Umfassende Ökobilanzen berücksichtigen die umwelt- und gesundheitsrelevanten Aspekte von Bauprodukten in allen 6 Lebensphasen von der „Wiege bis zur Bahre“ (Rohstoffe, Transport, Produktion, Verarbeitung, Nutzung und Entsorgung). Bei dieser umfassenden Betrachtungsweise ergibt sich für Dämmstoffe aus nachwachsenden Rohstoffen – abgesehen von wenigen Ausnahmefällen – ein insgesamt erfreulich positives Gesamtbild.

Die Rohstoffe sind natürlichen Ursprungs und werden auch bei nachhaltiger Land- und Forstwirtschaft in einem überschaubaren Zeitraum wieder von der Natur bereitgestellt.

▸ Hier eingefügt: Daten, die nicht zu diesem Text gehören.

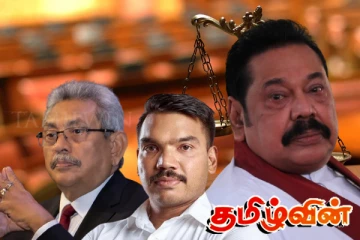 அடுத்த கைது பட்டியலில் ராஜபக்சர்கள்! இரகசியத்தை உடைத்த அமைச்சர்
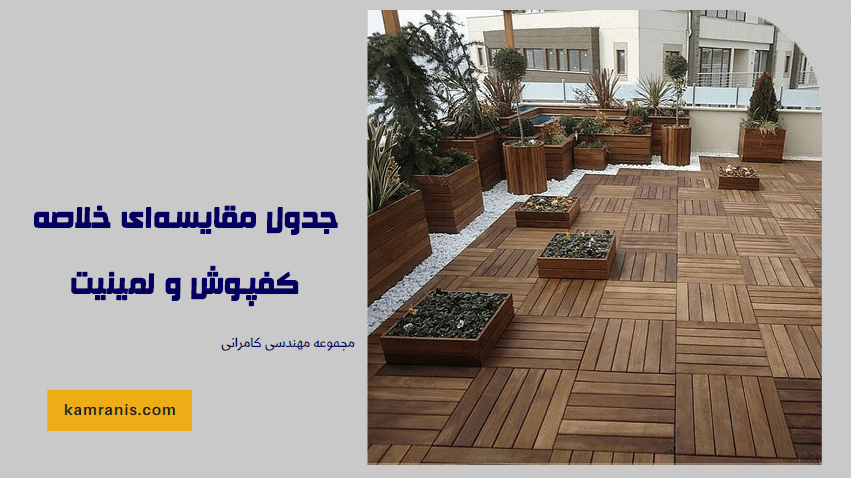 جدول مقایسه ای خلاصه کفپوش و لمینیت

Möglichst kurze Transportwege sind ein wichtiges Kriterium zur Unterstützung regionaler Wirtschaftskreisläufe. Die meisten Rohstoffe zur Herstellung von Naturfaserdämmstoffen werden in Mitteleuropa geerntet und verarbeitet. Sowohl Bauherr, als auch Architekt und Handwerker sollten zur Unterstützung regionaler Wirtschaftskreisläufe möglichst auf regionale Produkte achten und Rohstoffe, die weite Transportwege erfordern möglichst vermeiden.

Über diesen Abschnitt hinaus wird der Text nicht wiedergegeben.